** What you will do **
Without the images, output every record exactly as it appears.

** Exercise material **

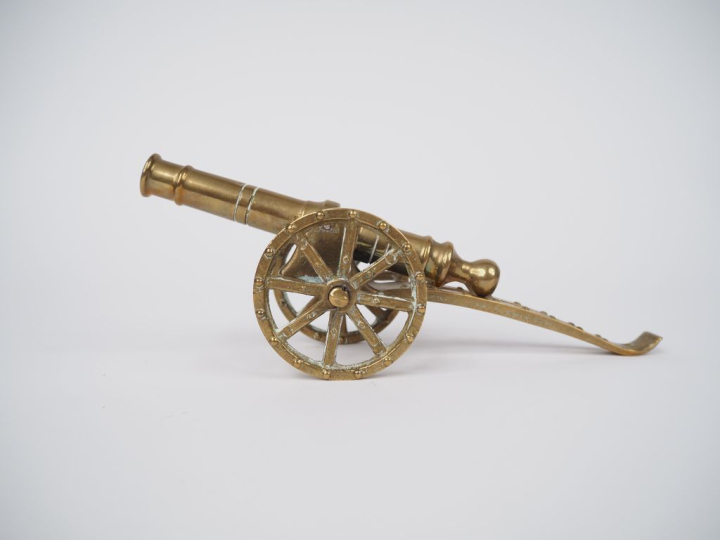Petit canon en laiton.  Sur affut à roues à rayon.  Longueur : 23 cm. 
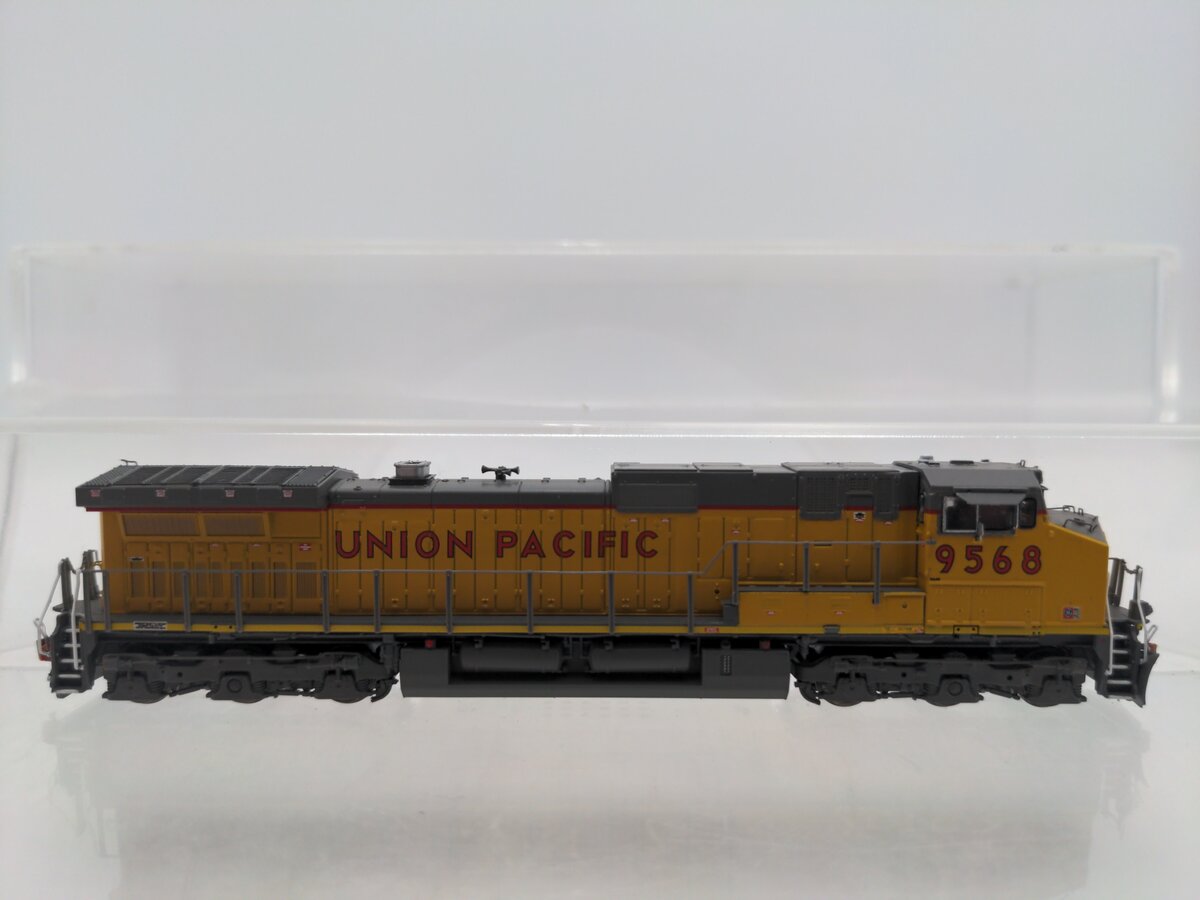 Scale Trains SXT38544 N Scale Union Pacific Diesel Locomotive #9568 LN/Box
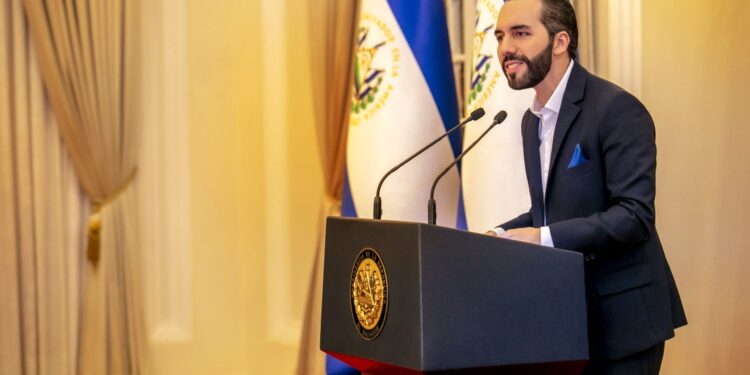 El Salvador avala cadena perpetua para delitos graves en reforma constitucional impulsada por Bukele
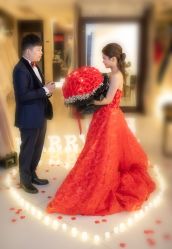 -现代经典婚纱摄影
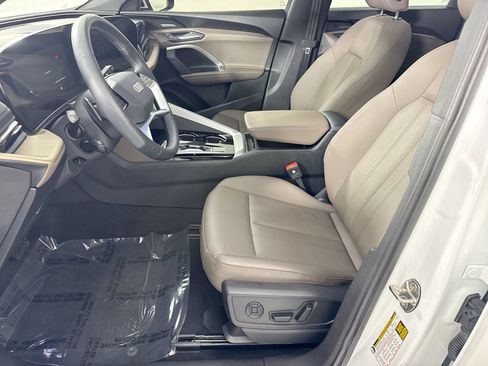 Used 2025 Audi Q5 Premium Plus w/ Premium Plus AWD/4WD image 2
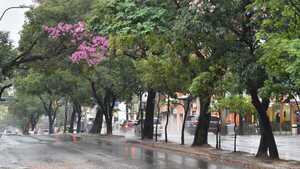 Domingo con alerta por tormentas, lluvias y ambiente fresco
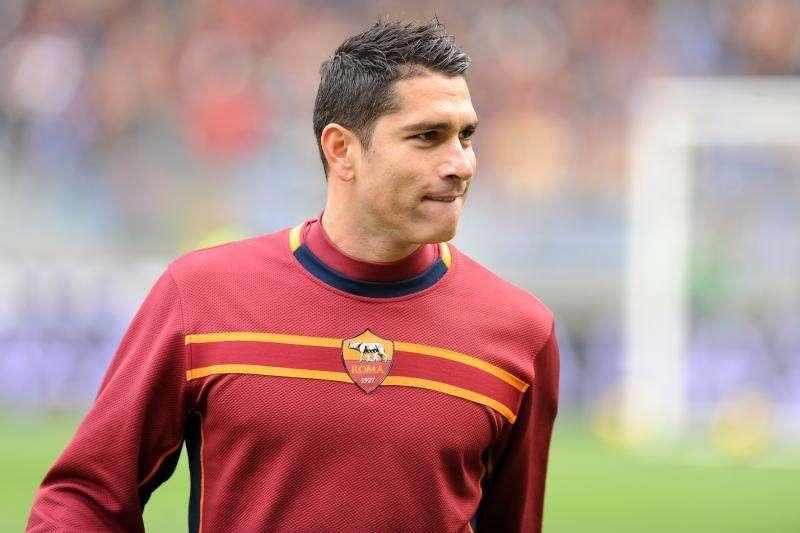 Instagram, Borriello tifa Italia con la maglia di De Rossi. FOTO!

** Output of the exercise **
Petit canon en laiton.  Sur affut à roues à rayon.  Longueur : 23 cm. 
 Scale Trains SXT38544 N Scale Union Pacific Diesel Locomotive #9568 LN/Box
 El Salvador avala cadena perpetua para delitos graves en reforma constitucional impulsada por Bukele
 -现代经典婚纱摄影
 Used 2025 Audi Q5 Premium Plus w/ Premium Plus AWD/4WD image 2
 Domingo con alerta por tormentas, lluvias y ambiente fresco
 Instagram, Borriello tifa Italia con la maglia di De Rossi. FOTO!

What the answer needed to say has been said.